It’s 3:30 a.m. and my beloved greyhound Gee is having a grand mal seizure on the couch. I can feel adrenaline—in the form of full alertness—course through my body. I watch over her, her paddling legs and foaming mouth, to make sure she will not injure herself. There is not much more I can do. I pay attention to how long the seizure lasts. I keep Pixie, my other greyhound back. In these minutes am focused and effective. This I recognize as fear in its useful guise. It allows me to handle a potentially dangerous currentsituation. It also keeps me wide awake to resting watchfully through the long four hours of post-seizure recovery, making sure she returns to herself and settles down to sleep it off. Anxiety helpfully rouses me to call the neurologist promptly at 8 am, when the clinic opens, to make sure we are doing the right things—change her meds or watch and wait?
Sometimes it’s easy to see how this kind of fear can be adaptive. But what about anxiety? Fear is present tense, in the moment. It causes alertness and swift action when necessary. Anxiety, on the other hand, is future focused: The next day I am worried she might have another seizure, and what would this mean? How useful could these thoughts be?
I have always thought this dichotomy between fear and anxiety explained why fear was useful to keep ourselves and loved ones safe, such as getting out of a fiery building. Anxiety, on the other hand, such as the hyperalert longer term worry that the house might catch fire, I thought was maladaptive, by definition. How could worry about the future ever have a place? Shouldn’t I try to get rid of it?
And yet, in retrospect, the watchfulness of anxiety in this case turned out to be practical. The next night I was wakeful (hypervigilance) and one bark from Pixie caused me to leap out of bed. I knew that distressed sound and in seconds was in the other room to again watch over another grand mal seizure. My hyperalert anxiety brain meant no fog to conquer or question of what to do. Future worry—that she might have another seizure—meant I was prepared.
I am warming to a radical idea: stop trying to get rid of anxiety. Throw away all my anxiety conquering books and quit the struggles intended to prevent anxiety. Work on letting go of my anxiety avoidance habits. Recognize that anxiety is not the enemy. Call a ceasefire in my war against anxiety. Instead, accept my anxiety in order to live my fullest life.
Those are the foundational concepts in Forsyth and Eifert’s, The Mindfulness & Acceptance Workbook for Anxiety. The idea is that the fight against anxiety is what feeds that anxiety to intolerable levels and keeps one from living a full life.
Try this: for the next five minutes, don’t think about a pink elephant.

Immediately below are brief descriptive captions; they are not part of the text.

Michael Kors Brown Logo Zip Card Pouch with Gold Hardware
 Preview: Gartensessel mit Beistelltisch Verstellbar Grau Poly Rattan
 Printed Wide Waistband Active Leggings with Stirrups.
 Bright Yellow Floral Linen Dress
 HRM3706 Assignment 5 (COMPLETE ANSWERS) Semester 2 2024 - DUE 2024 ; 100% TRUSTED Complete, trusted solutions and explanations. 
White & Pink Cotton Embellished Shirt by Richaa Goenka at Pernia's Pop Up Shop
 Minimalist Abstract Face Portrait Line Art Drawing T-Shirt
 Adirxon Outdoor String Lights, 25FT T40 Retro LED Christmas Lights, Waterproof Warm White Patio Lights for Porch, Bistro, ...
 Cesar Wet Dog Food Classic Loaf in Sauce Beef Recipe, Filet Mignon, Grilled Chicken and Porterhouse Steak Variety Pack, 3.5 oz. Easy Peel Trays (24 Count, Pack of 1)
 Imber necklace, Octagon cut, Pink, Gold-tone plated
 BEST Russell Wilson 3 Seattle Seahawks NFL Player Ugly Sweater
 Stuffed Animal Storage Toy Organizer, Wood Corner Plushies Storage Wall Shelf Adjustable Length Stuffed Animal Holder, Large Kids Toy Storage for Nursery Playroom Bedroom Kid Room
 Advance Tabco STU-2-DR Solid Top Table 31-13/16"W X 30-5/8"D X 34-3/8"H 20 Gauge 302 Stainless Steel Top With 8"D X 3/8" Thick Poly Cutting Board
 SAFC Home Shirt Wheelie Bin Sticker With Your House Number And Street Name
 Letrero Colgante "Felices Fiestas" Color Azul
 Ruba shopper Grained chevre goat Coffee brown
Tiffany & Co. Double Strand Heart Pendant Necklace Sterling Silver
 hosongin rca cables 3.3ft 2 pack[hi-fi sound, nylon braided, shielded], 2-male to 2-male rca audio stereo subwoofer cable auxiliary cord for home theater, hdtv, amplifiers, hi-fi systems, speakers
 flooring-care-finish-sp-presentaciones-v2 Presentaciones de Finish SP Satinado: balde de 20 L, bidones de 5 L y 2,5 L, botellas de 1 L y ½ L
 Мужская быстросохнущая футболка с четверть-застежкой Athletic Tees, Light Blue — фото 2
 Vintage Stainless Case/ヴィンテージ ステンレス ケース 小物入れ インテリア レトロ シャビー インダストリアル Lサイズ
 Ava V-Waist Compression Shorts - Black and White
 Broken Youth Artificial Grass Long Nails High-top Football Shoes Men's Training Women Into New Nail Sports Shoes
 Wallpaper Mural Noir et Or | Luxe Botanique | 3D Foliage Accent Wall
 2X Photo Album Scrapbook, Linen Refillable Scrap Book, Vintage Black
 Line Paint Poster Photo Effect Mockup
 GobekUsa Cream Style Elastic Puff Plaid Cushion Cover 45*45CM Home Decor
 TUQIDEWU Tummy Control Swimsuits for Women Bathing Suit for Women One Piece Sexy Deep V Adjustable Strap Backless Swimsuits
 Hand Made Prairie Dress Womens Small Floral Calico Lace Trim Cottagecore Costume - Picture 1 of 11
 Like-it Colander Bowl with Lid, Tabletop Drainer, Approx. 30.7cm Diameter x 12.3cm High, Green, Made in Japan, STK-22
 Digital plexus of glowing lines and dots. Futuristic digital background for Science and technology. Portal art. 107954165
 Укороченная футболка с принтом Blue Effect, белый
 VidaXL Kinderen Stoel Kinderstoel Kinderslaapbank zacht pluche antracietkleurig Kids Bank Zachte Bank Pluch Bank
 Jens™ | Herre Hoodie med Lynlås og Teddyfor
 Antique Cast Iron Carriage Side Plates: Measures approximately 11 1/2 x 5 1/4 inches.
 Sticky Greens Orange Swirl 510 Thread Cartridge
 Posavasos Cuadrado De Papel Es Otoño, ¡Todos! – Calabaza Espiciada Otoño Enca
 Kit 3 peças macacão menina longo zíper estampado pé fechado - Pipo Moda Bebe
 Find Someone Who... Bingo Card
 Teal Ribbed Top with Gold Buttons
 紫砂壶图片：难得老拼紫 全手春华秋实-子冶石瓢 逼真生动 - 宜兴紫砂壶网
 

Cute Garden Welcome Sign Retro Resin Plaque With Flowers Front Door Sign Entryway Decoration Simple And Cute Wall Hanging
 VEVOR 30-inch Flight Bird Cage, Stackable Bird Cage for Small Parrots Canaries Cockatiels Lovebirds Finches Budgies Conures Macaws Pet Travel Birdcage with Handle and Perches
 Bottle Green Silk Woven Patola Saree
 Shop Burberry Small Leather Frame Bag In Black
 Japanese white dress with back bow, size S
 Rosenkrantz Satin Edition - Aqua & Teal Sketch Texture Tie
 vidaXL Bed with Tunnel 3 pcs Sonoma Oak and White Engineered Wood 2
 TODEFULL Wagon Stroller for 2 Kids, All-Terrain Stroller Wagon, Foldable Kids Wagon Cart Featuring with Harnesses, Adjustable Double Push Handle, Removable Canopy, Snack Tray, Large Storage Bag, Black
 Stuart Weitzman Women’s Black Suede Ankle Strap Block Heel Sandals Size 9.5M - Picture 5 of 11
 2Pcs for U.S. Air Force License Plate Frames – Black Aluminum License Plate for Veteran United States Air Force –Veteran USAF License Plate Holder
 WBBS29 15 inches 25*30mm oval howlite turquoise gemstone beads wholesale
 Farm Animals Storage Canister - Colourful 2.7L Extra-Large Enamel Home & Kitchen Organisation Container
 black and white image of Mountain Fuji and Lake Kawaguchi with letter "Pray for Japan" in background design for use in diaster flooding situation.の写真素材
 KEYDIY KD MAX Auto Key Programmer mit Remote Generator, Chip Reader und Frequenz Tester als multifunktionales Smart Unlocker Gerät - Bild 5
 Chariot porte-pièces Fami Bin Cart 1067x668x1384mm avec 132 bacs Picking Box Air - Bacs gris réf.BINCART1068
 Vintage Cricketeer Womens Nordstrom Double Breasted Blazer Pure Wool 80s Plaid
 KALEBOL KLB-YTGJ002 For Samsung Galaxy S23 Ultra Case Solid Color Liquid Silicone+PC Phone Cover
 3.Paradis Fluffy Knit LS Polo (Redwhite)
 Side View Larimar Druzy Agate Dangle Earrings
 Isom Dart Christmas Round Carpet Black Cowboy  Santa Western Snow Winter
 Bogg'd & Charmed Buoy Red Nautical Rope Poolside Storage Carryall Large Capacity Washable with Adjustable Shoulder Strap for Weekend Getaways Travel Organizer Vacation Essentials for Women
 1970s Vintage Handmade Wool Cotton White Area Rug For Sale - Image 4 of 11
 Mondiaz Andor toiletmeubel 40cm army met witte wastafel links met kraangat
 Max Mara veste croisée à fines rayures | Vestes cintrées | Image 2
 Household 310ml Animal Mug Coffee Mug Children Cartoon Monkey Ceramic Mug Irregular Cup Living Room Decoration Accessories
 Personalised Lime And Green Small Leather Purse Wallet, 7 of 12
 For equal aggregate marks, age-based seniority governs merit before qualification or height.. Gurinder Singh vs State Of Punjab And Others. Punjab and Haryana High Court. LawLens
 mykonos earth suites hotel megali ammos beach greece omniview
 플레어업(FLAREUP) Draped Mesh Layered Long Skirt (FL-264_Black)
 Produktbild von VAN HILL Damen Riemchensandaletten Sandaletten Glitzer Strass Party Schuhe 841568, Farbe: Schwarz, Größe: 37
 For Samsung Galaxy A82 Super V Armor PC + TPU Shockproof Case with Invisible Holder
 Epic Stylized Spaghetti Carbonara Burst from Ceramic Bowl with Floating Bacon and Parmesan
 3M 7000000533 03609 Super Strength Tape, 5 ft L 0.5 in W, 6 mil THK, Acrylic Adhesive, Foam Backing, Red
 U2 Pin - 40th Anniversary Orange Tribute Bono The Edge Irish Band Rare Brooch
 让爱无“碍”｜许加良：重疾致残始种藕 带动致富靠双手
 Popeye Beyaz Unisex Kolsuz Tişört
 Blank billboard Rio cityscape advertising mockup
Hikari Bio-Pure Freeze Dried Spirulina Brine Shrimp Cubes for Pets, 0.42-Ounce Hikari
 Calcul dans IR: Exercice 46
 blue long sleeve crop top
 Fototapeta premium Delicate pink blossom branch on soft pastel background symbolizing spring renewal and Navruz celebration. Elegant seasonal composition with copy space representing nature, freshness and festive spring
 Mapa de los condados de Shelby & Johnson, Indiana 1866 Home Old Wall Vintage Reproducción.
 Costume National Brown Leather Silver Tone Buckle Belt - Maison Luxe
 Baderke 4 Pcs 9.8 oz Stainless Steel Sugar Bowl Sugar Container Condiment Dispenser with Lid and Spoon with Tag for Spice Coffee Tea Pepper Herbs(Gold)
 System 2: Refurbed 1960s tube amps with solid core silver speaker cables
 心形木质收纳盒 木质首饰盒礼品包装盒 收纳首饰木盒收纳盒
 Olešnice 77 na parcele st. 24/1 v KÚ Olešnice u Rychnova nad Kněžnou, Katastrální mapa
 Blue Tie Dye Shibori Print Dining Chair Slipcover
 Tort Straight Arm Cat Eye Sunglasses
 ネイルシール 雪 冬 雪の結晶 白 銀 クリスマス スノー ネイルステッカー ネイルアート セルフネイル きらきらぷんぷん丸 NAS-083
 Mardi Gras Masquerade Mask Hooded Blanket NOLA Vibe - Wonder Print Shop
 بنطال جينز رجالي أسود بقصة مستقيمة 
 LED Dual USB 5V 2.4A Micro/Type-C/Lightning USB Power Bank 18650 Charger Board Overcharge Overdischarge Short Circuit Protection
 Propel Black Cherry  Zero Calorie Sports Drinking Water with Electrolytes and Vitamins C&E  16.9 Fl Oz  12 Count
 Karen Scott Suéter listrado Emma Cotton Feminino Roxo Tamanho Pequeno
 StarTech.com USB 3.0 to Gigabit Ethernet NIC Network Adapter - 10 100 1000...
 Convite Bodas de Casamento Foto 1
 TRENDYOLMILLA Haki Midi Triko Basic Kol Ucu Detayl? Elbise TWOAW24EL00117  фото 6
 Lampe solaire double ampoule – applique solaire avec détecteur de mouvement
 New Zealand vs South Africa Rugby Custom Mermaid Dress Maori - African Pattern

Successful? No one is. The attempted repression of a thought only makes it more likely to pop up. Even when you momentarily stop thinking of the pink elephant, you must ask yourself if you’re thinking of the pink elephant—meaning the pink elephant has snuck into your thoughts. Inevitably.
Anxiety, Forsyth and Eifert say, is similar. The more you try to repress it, the stronger it becomes. Only through accepting its presence in our lives can we truly escape the negative effects.
The first time I began the workbook I had a hard time being open to the idea that anxiety might be okay. Sure, I believed in the power of mindfulness and acceptance, but only in the service of getting rid of anxiety. How could I truly accept anxiety when it kept me from driving on the highway or feeling calm or getting a good night’s sleep? Anxiety was constant companion, but not a friend. I quit after a few chapters.
My second go at this workbook is different. I can finally acknowledge that all my attempted techniques for getting rid of anxiety have at best been short term, partial solutions. At worst, they have backfired. It’s time for a radically new approach.
Right now? I am breathing with the anxiety about Gee’s condition, with an uncomfortable tightness in my chest. Yet I am open to the possibility that I can accept my anxiety. I am open to the idea that I might make friends with anxiety, whether it shows up as objectively helpful or useless. This workbook’s approach brings me hope that as I quit fighting anxiety, I will find a more peaceful way in the world, and I can help my clients do so, too.